What you need to produce from the material below is an exact transcription of the lines from the one with "141 Westgate Rd — Photo 3" through the one with "Late 18th Century", both included, and no other line.

-.-.-

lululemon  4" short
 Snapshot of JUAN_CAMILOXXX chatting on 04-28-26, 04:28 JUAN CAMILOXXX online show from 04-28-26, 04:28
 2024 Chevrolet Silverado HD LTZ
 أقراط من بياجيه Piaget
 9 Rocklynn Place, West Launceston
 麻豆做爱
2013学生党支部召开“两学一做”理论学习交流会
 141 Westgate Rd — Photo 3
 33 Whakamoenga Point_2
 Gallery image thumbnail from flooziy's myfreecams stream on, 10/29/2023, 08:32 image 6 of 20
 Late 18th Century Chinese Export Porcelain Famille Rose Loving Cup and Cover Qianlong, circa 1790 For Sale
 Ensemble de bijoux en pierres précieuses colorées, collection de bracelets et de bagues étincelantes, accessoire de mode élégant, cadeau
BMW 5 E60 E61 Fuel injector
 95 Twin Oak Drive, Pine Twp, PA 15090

-.-.-

▶ [EXERCISE SOLUTION]
 141 Westgate Rd — Photo 3
 33 Whakamoenga Point_2
 Gallery image thumbnail from flooziy's myfreecams stream on, 10/29/2023, 08:32 image 6 of 20
 Late 18th Century Chinese Export Porcelain Famille Rose Loving Cup and Cover Qianlong, circa 1790 For Sale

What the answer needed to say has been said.